How can I calculate the load on each line in a pulley system?

[Redliner56]

Hello, I'm working with a pully system and can't find the answer for this question on Google. I'm wondering how to calculate the load on the rope in order to determine what grade rope I should use. For example let's say I'm picking up a 100 lb box using a 4 to 1 system. Not accounting for friction gains I know I'd need a +/- 25lbs to pick up the box. I'm wondering how much stress would be placed onto the each of the 4 lines. Is there a simple formula I could follow?

 

[A.T.]

Hello, I'm working with a pully system and can't find the answer for this question on Google. I'm wondering how to calculate the load on the rope in order to determine what grade rope I should use. For example let's say I'm picking up a 100 lb box using a 4 to 1 system. Not accounting for friction gains I know I'd need a +/- 25lbs to pick up the box. I'm wondering how much stress would be placed onto the each of the 4 lines. Is there a simple formula I could follow?

If you ignore friction and the mass of the pulleys, the tension in the rope is constant. So if you pull with 25lbs the entire rope has that tension.

 

[Redliner56]

Thanks for the help, so this should mean that if we ignore adding in a safety factor a rope with a +/- 30lb breaking strength would be capable of picking up a 100lb box using 4 pullys.
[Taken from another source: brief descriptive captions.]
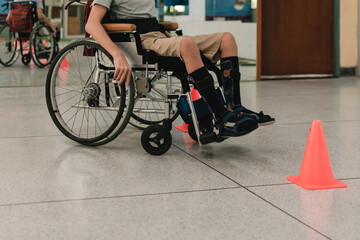 Young man with disability practicing wheelchair by an occupational therapist teacher on ramps for...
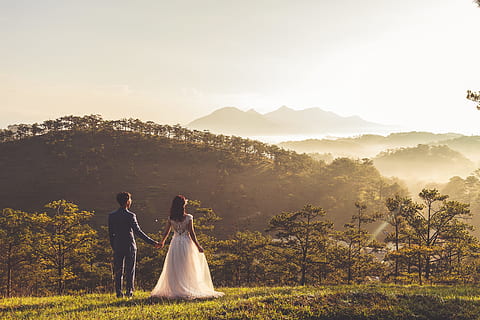 man and woman holding there hands, silhouette photo of groom and bride on green field near mountain under cloudy skies during daytime HD wallpaper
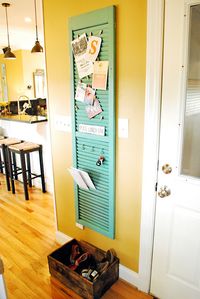 shutter for kitchen - clothespins for invites and hooks for keys!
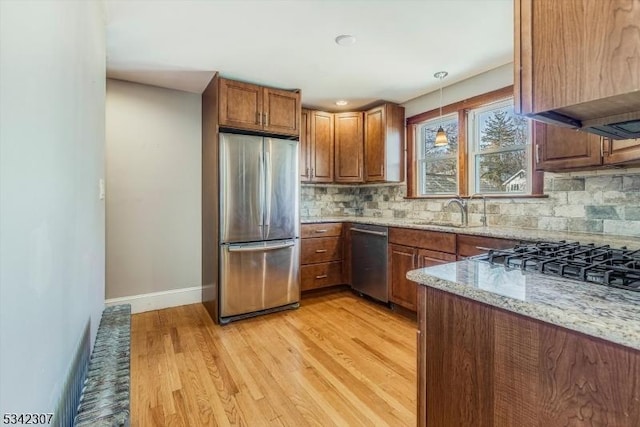 kitchen with brown cabinets, decorative backsplash, stainless steel appliances, and a sink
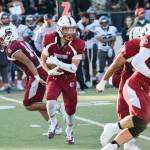 Junior running back Michael Purl runs with the ball against Mount Vernon on Friday, Sept. 20 at Everett Memorial Stadium. (Katie Webber / The Herald)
And following that line of thinking, if the pully breaking strength is +55lbs they would be enough to pick up the load since 2 lines connect to each pully?

 

[berkeman]

if we ignore adding in a safety factor

Welcome to PF. What safety factor are you planning on using? What things should go into your choice of safety factor beyond the bearing friction?

 

[A.T.]

Thanks for the help, so this should mean that if we ignore adding in a safety factor a rope with a +/- 30lb breaking strength would be capable of picking up a 100lb box using 4 pullys. And following that line of thinking, if the pully breaking strength is +55lbs they would be enough to pick up the load since 2 lines connect to each pully?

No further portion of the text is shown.